Kanserden korunmak ve kanseri yenmek için beslenme

Kanser denetimsiz çoğalan hücrelerin olağan fonksiyonu olan hücreleri öldürmeleri sonucu ortaya çıkan, 200’den fazla çeşidi olan çağımızın hastalığıdır. Gerek beslenme stilimizin süratle değişmesi gerek hayatımıza giren makus alışkanlıkların süratle artması, çevresel faktörler derken ülkemizde her yıl 150.000 kişinin kansere yakalandığı kestirim edilmektedir.

Kanserin yayılmasındaki en büyük etken obezitenin artmasıdır. Bilhassa göğüs, kalın bağırsak- rektum ve kan kanserleri obez bireylerde daha sık görülmektedir. Üzerine çok konuşulabilecek bu mevzuyu sizinle 2 adımda tartışalım.

Birinci adımımız: Kanserden korunmak için neler yapmalıyız?

***Öncelikle kilo denetimi sağlayarak birçok kanser riskini azaltabiliriz. Kilomuzun risk oluşturup oluşturmadığını BKI’mize bakarak anlarız yani kilonuzu uzunluğunuzun karesine böldüğünüzde çıkan kıymetin yaşa ve cinsiyete nazaran değişmekle birlikte olağan bedellerde olması gerekir. Örnek verecek olursak 25 yaşında 165 uzunluğunda ve 85 kilo olan bir bayanın BKI’si (85/(1,65X1,65)) =31 olup 18-25 olan olağan kıymetleri geçtiğinden ve hatta obeziteye girdiğinden büyük risk taşımaktadır.

Makalemizi Okudunuz mu?
Kansızken zayıflamak zor !

***Yemekleri pişirirken kızartmak, kömürde yahut yüksek ateşte pişirmek yerine fırında, haşlama ve az yağda kısık ateşte pişirme tekniklerini uygulayarak oluşabilecek kanserojen unsurları engellemeliyiz.
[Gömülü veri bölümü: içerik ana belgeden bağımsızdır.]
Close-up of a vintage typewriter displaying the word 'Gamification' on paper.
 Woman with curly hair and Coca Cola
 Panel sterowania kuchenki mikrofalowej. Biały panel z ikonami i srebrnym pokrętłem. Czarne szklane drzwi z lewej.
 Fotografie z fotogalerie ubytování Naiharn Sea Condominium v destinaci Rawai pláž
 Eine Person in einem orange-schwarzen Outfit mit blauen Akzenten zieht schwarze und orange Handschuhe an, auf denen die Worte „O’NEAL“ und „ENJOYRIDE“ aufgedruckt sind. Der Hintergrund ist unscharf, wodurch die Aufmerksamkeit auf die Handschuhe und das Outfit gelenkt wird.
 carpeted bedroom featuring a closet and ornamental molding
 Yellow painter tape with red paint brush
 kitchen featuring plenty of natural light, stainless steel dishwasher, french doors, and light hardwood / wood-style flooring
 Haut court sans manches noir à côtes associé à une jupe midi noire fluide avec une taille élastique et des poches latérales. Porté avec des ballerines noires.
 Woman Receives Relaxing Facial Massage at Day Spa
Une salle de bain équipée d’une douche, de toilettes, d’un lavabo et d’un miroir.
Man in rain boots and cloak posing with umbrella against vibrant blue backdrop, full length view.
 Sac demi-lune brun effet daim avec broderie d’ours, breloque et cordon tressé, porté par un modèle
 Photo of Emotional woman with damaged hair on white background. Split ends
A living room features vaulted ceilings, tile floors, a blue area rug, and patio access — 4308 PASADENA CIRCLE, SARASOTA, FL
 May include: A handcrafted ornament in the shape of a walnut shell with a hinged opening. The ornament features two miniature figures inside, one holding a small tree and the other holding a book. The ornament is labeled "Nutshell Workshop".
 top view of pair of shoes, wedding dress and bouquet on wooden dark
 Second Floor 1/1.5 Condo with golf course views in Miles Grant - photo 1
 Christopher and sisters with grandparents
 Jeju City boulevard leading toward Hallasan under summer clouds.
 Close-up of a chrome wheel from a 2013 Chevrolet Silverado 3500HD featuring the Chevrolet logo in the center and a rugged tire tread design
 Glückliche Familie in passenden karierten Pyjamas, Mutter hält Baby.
***Küflü besinlerden uzak durup çabuk bozulacak besinlerimizi soğukta saklamalıyız.

***Tuz tüketimini günlük 5 gramın olarak belirlemeliyiz.

***Günde en az 5 porsiyon taze zerzevat ve meyve tüketmeliyiz. Her gün tabağımızda ne kadar renk bulundurursak o kadar sağlıklı beslenmiş oluruz. Çeşitlilik çok değerlidir.

***Saf şeker içeren ve beyaz unla yapılan her şeyden uzak durmalıyız.

***Alkol ve sigaradan kaçınmalı katkı hususları fazla olan hazır yemeklerden uzak durmalıyız.

***Aktif bir hayatı prensip edinmeli sıhhatimiz için tertipli spor yapmalıyız.

İkinci adımımız: Kanser Hastalığında tedaviyi beslenme ile desteklemek için neler yapmalıyız?

Makalemizi Okudunuz mu?
Gebelikte (hamilelikte) doğru ve sağlıklı beslenme

Tedavi sırasında ve sonrasında sağlıklı beslenme;

-Kendinizi daha âlâ hissetmenize yardımcı olur,

-Güçlü ve enerjik olmanızı sağlar,

-Vücudunuzda depo edilen besin öğelerini korumanıza yardımcı olur,

-Tedavi sırasında oluşabilecek komplikasyonları ve yan tesirleri pürüzler,

-Enfeksiyon riskinizin düşmesine yardımcı olur,

-Hızlıca güzelleşip kendinize gelmenize yardımcı olur.

Tedavi sırasında sağlıklı beslenebilmek için gereksiniminiz olan protein, karbonhidrat, vitamin, minarel ve yağları kâfi ölçüde almanız gerekmektedir.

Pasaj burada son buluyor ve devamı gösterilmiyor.